運転席に座ったかれは陽菜を見て「行こうか」と言って穏やかに笑う。
「どこに?」
「陽菜と昔約束した場所覚えてる?」
「約束した場所?」
「卒業式の数週間前だったかな、陽菜が運転免許取ったら連れて行って欲しいっていったでしょ?」
思い出せない?と少し悲しそうな顔をして陽菜を見つめる聖知。
彼が思い悩む感じだった頃の事か・・確か新しく出来た近代美術館に行きたいと言った。
「あ。美術館?」
「思い出した?」
先ほどとは違って笑顔になった彼は、楽しそうにナビの設定をする。
「ずっと気になっていたんだ・・約束したのにってね。」
確かに約束はしたけどその前に貴方が「別れよう」って言ったんじゃないの?と陽菜はそう内心思いながらも今日だけの過去の約束だと思って一日楽しむ事にした。
彼と別れた後は、一人で近くの美術館に行く事はあっても誰かと一緒に行く機会は無かった。

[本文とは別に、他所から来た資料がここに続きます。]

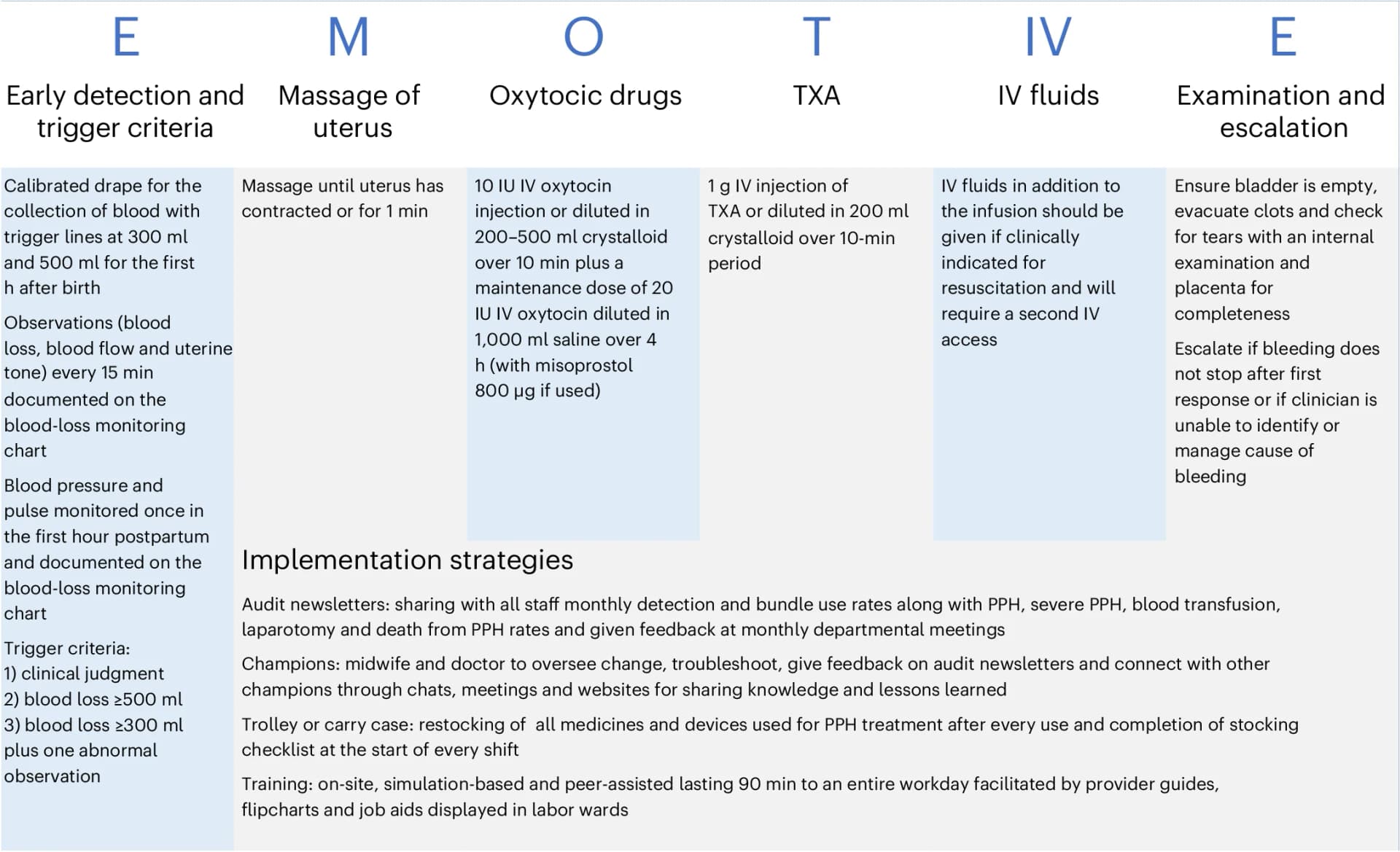 Open access visualization of Workflow, E-MOTIVE Intervention, Blood-Collection Drape, Postpartum Hemorrhage, First-Response Treatments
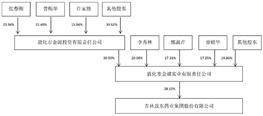 吉林敖东药业集团股份有限公司2022年度陈述摘要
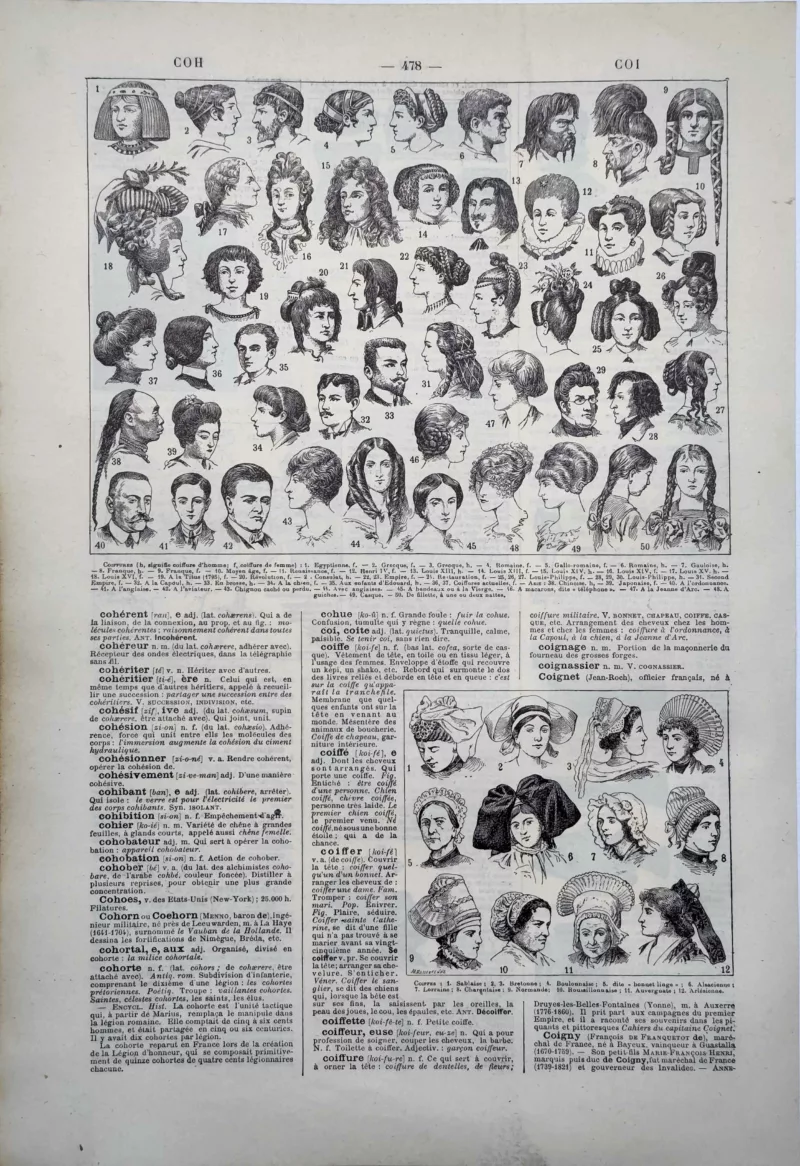Coiffures anciennes masculines et féminines illustrées par Jacques Maurice Dessertenne, 1922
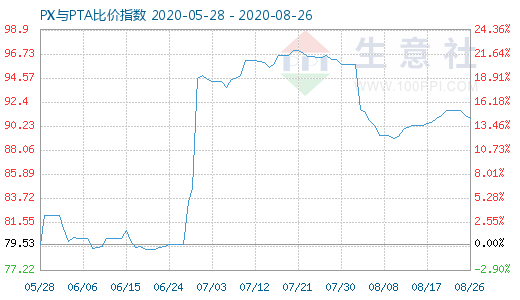 8月26日PX與PTA比價(jià)指數(shù)圖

彼が言う美術館は山の中にあって広い公園に囲まれた白い建物の美術館だ。
此処から車で2時間ほどの距離で近くもなく遠くも無い場所にある。
車にあまり詳しくない陽菜でも解るくらい彼の車は、高級車だと思われた静かなエンジン音と革張りのシート。
普段は、あまり乗らないのかまだ新車の香な残っている車だった。
「陽菜は、普段何してるの?」
「普通のOLだよ。家と会社の往復くらいだよ。」
言いながら悲しくなるくらいそのまんまだった。
「陽菜は、僕の事を聞かないね。」
「んっ?」
「普通は、聞くでしょ?今何してるのとか色々。」
普通は聞くのかな・・聞きたいけど聞けないんだけどなと陽菜は、思いながら彼が聞いて欲しいのかも知れないと感じてはいた。
「普通は、聞くものなの?」
「まあいいか。陽菜は、昔からあまり聞かないもんな。」
「そうだったかな?」
緑の中の白い美術館は、コントラストが綺麗で花壇には花が咲き桜はまだ蕾だがもすぐ開花しそうだった。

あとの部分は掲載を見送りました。